What needs to be done | Set down each record exactly. Omit the pictures.

(Image-text web data)
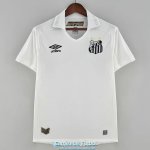 Camiseta Santos FC Primera Equipacion 2022/2023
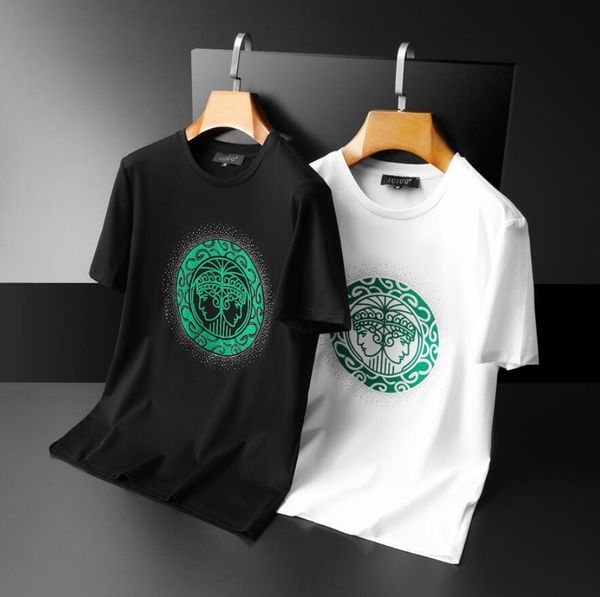 men's t-shirts designer t-shirt casual t shirt with print short sleeve for sale luxury mens hip hop clothing asian m-5xl, White;black
men's t-shirts designer t-shirt casual t shirt with print short sleeve for sale luxury mens hip hop clothing asian m-5xl, White;black
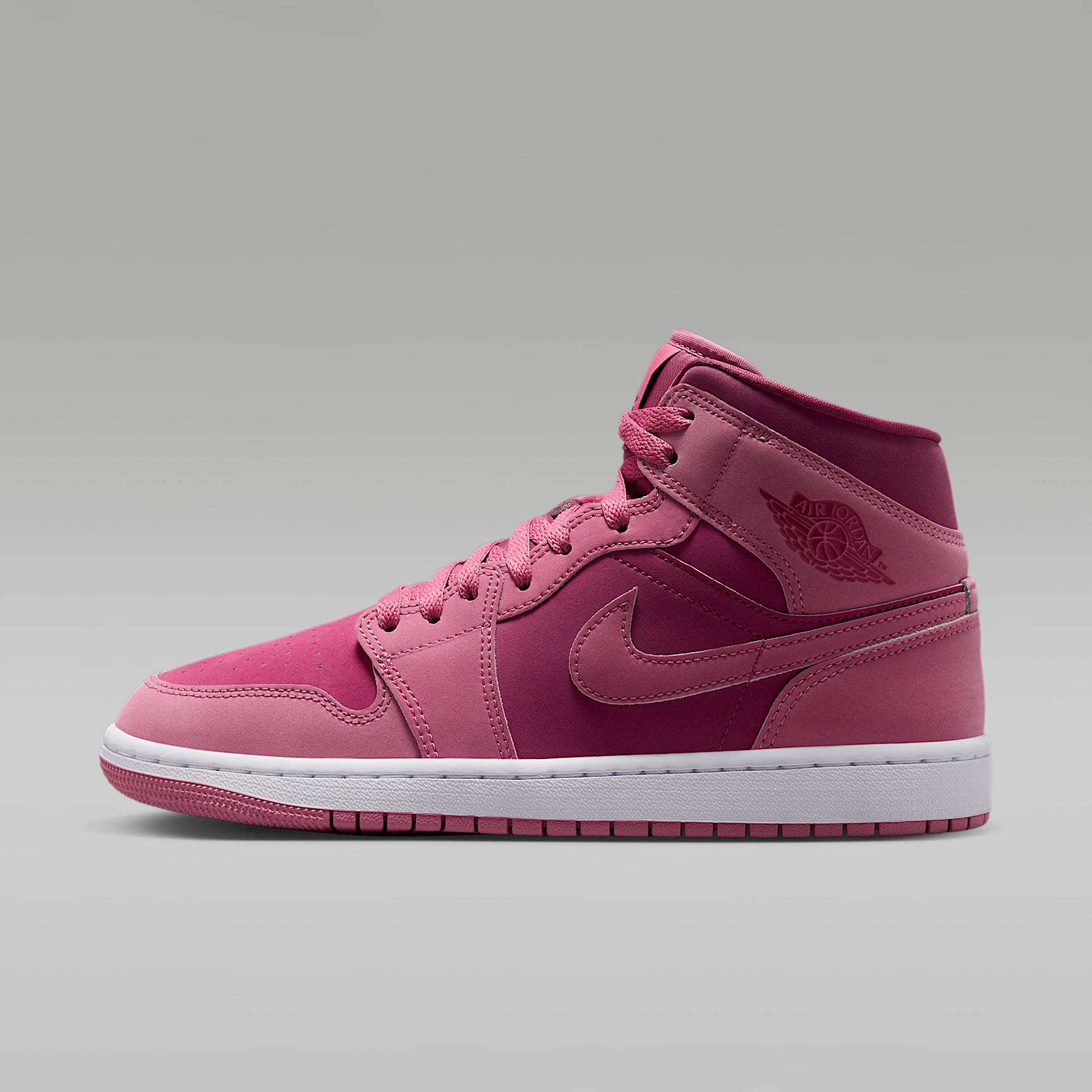Air Jordan 1 Mid Women's Shoes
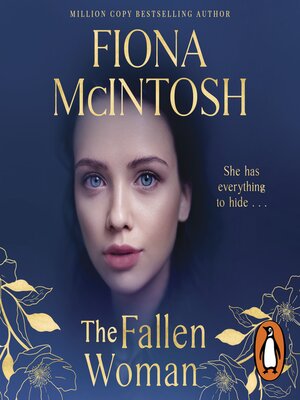 cover image of The Fallen Woman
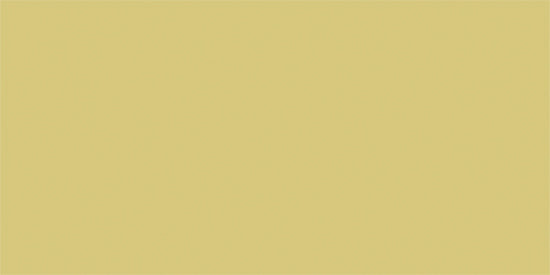 Rako Color One yellow 20x40 WAAMB221 7mm mat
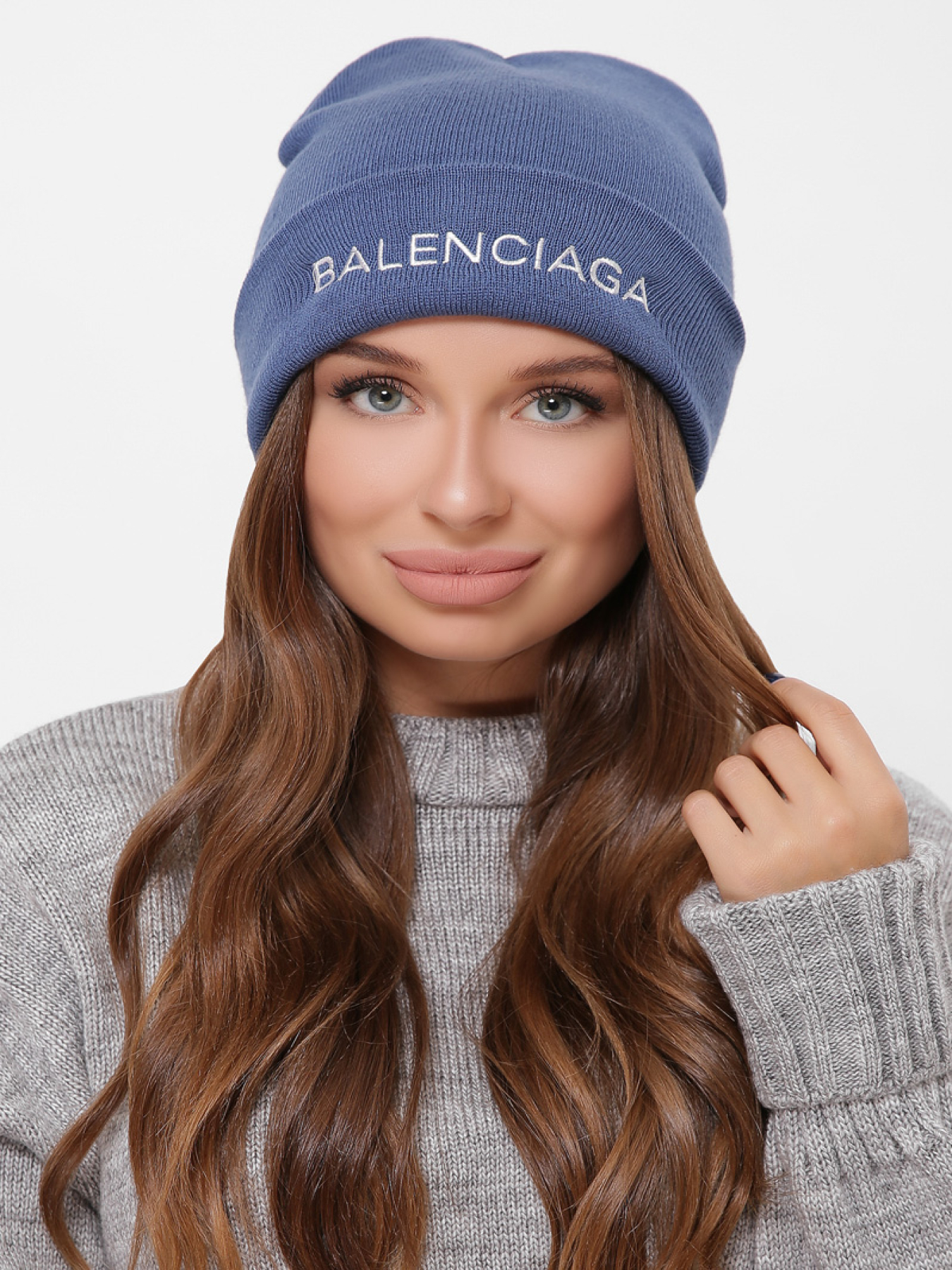 Шапка CARICA модель 3190435 Фото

Answer to the exercise |
 Camiseta Santos FC Primera Equipacion 2022/2023
 men's t-shirts designer t-shirt casual t shirt with print short sleeve for sale luxury mens hip hop clothing asian m-5xl, White;black
men's t-shirts designer t-shirt casual t shirt with print short sleeve for sale luxury mens hip hop clothing asian m-5xl, White;black
Air Jordan 1 Mid Women's Shoes
 cover image of The Fallen Woman
 Rako Color One yellow 20x40 WAAMB221 7mm mat
 Шапка CARICA модель 3190435 Фото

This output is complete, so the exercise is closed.